La gestion des déchets radioactifs s’inscrit dans un cadre règlementaire strict. En France, il découle de la loi du 30 décembre 1991, rénovée en 2006 et codifié dans le Code de l’environnement. Selon la synthèse réalisée par l’Agence nationale pour la gestion des déchets radioactifs (Andra), la politique nationale dans ce domaine repose sur trois piliers dont le Plan national de gestion des matières et des déchets radioactifs (PNGMDR).
Le PNGMDR est un document de planification, mis à jour tous les trois ans par l’État. Il définit la déclinaison opérationnelle de la politique de gestion des matières et déchets radioactifs. Il fixe notamment un calendrier et un programme de recherches et de réalisations à mettre en œuvre pour l’entreposage des déchets. Dans le cadre de la préparation de la cinquième édition de ce plan, un débat public a été organisé entre le 17 avril et le 25 septembre 2019 par la Commission nationale du débat public (CNDP). Près de 3 400 personnes, majoritairement des experts de la question, ont pu échanger sur le devenir des déchets radioactifs.
L’un des principaux points de controverse concerne la distinction entre « matières » et « déchets ». Le Code de l’environnement définit les déchets nucléaires comme des « substances radioactives pour lesquelles aucune utilisation ultérieure n’est prévue ». Ils nécessitent donc un stockage définitif.

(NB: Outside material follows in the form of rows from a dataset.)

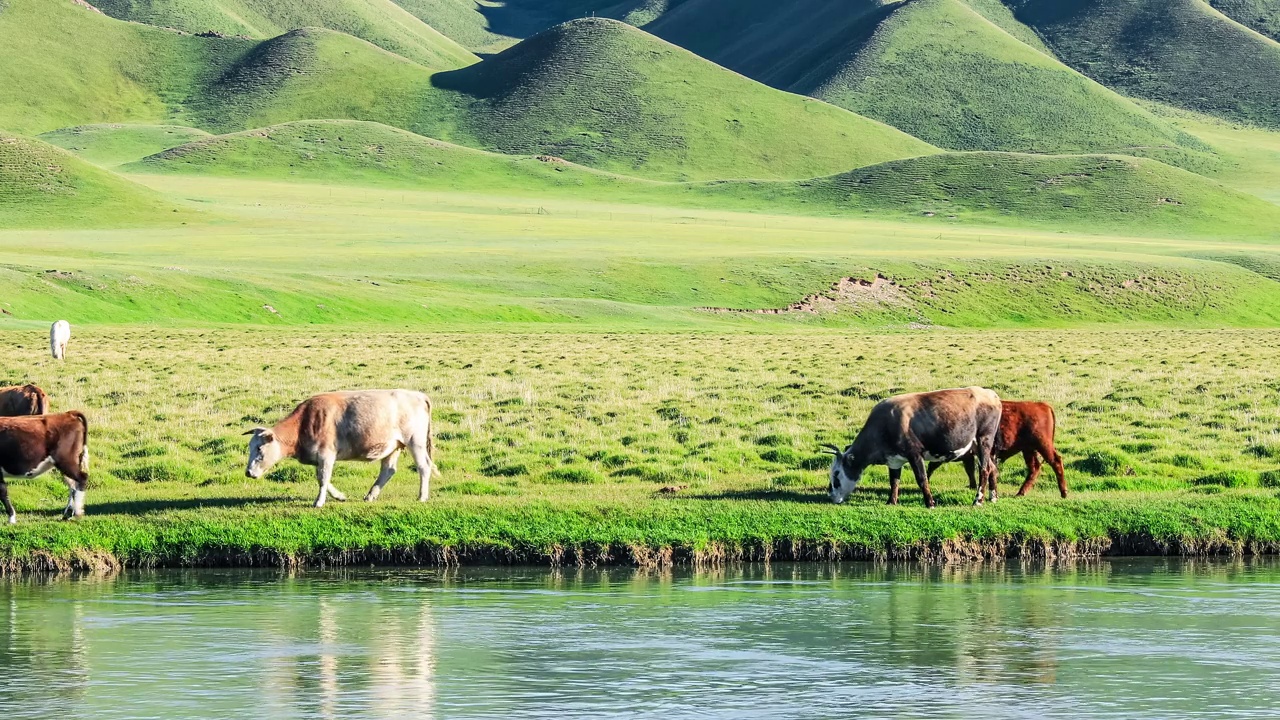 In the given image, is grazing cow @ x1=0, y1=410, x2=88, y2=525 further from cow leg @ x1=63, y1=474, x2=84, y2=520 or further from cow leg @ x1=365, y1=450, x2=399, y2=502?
cow leg @ x1=365, y1=450, x2=399, y2=502

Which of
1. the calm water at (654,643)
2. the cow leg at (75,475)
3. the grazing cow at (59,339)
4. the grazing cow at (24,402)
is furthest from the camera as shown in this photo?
the grazing cow at (59,339)

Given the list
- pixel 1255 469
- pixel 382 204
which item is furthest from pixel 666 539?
pixel 382 204

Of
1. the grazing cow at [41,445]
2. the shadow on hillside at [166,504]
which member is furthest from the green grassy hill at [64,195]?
the grazing cow at [41,445]

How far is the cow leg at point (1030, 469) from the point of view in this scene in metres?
25.4

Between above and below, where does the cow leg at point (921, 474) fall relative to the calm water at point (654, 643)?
above

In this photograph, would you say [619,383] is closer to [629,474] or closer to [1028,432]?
[629,474]

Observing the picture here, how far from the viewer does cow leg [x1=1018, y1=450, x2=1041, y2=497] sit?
1001 inches

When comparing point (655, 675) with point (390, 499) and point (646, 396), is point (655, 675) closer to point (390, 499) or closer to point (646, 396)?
point (390, 499)

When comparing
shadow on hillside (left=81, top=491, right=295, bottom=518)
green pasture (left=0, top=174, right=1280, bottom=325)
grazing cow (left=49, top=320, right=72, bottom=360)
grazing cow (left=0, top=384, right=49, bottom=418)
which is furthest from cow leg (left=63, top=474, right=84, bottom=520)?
green pasture (left=0, top=174, right=1280, bottom=325)

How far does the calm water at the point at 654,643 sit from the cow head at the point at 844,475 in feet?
6.45

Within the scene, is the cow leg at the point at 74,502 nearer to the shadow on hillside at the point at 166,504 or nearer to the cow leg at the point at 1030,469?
the shadow on hillside at the point at 166,504

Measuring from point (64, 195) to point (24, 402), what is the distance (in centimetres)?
14345

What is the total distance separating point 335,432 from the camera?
23531 millimetres

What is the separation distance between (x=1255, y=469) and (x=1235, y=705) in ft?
47.3
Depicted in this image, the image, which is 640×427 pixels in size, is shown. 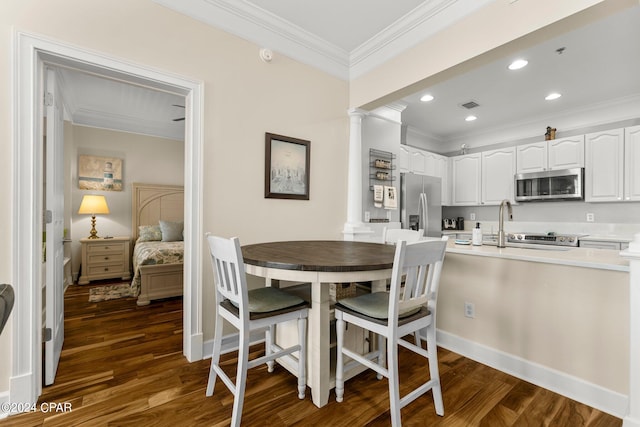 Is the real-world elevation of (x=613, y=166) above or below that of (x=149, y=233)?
above

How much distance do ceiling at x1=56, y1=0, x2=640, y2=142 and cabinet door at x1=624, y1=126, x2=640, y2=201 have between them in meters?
0.51

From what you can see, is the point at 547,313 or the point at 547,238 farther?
the point at 547,238

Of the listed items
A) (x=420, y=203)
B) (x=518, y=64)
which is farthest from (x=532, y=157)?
(x=518, y=64)

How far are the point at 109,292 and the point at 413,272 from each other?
161 inches

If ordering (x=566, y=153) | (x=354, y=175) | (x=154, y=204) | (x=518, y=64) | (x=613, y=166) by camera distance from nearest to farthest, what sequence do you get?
(x=518, y=64), (x=354, y=175), (x=613, y=166), (x=566, y=153), (x=154, y=204)

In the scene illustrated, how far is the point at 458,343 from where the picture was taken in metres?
2.33

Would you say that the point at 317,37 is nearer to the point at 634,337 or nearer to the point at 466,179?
the point at 634,337

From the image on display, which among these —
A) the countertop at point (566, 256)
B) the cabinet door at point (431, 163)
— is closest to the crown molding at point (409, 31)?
the countertop at point (566, 256)

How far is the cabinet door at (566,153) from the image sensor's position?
155 inches

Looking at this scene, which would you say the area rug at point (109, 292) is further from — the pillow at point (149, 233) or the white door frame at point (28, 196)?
the white door frame at point (28, 196)

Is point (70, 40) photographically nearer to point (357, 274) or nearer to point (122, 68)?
point (122, 68)

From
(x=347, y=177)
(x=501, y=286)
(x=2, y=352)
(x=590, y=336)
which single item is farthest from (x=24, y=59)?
(x=590, y=336)

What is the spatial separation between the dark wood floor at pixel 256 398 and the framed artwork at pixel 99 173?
3.16 m

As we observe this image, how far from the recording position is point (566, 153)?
13.3 feet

A contrario, « l’utilisation ultérieure […] prévue ou envisagée, le cas échéant après traitement » permet le classement des combustibles en « matière ». Toutefois, un désaccord persiste entre les acteurs sur le classement de certaines substances après leur usage dans le réacteur, notamment le combustible MOx (mélange d’oxyde d’uranium et de plutonium) issu du recyclage du plutonium. Ce dernier est aujourd’hui considéré comme une « matière » par la filière nucléaire car le « MOx usé » pourrait être réutilisé suite au développement d’une nouvelle génération de réacteurs à neutrons rapides. La Cour des comptes notait néanmoins dans son rapport publié en juillet 2019 l’ « ambiguïté » et les limites de cette classification. Ce classement apparaît d’autant plus ambigu que la Commission à l’énergie atomique (CEA) a annoncé fin août que la construction de ce nouveau type de réacteur n’était pas prévue à court ou moyen terme.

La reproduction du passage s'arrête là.